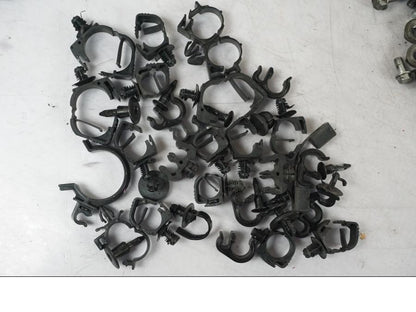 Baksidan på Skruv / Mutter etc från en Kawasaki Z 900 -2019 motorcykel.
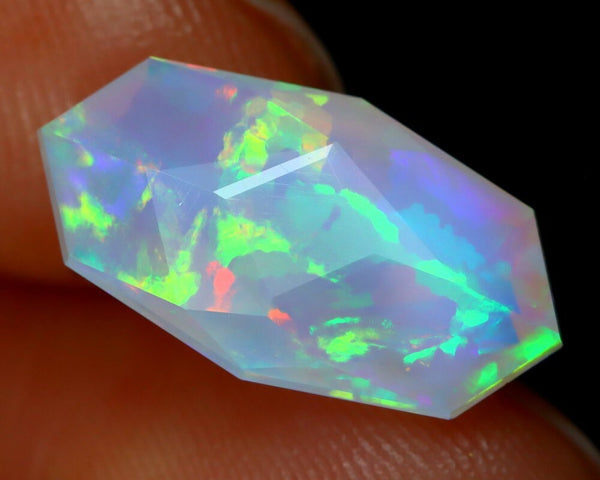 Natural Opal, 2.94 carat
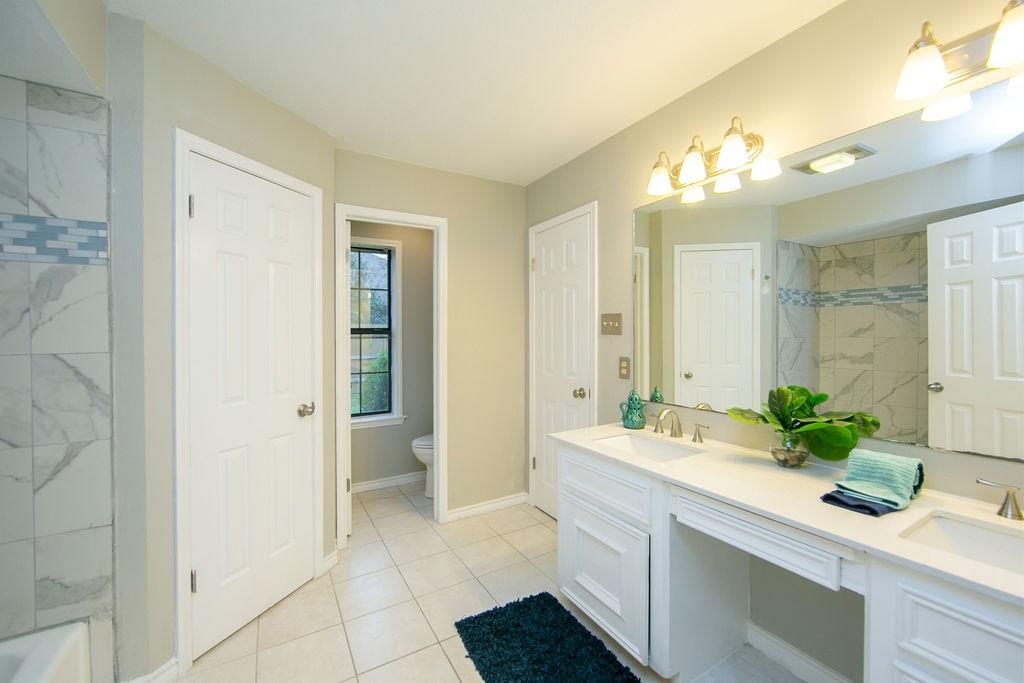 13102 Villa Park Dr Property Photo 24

● ● ● ● ● ● ●

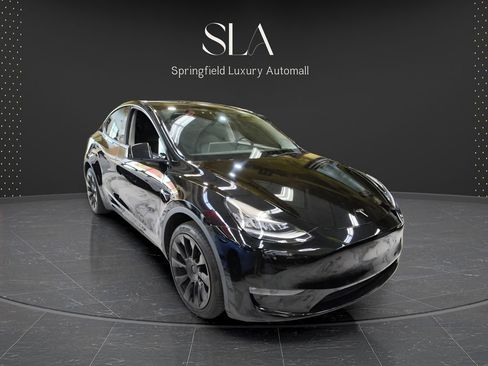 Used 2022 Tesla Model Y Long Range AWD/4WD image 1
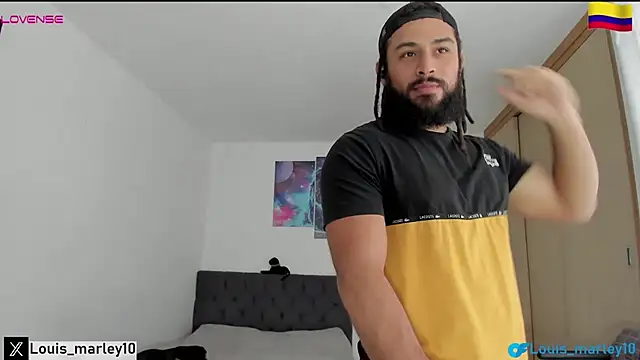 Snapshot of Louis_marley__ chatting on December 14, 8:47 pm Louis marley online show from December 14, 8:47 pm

● ● ● ● ● ● ●

Both boundary lines included, write out word for word only the lines above from the one containing "Baksidan på Skruv" to the one containing "13102 Villa Park Dr Property Photo 24", leaving out any pictures.

**TASK ANSWER**
 Baksidan på Skruv / Mutter etc från en Kawasaki Z 900 -2019 motorcykel.
 Natural Opal, 2.94 carat
 13102 Villa Park Dr Property Photo 24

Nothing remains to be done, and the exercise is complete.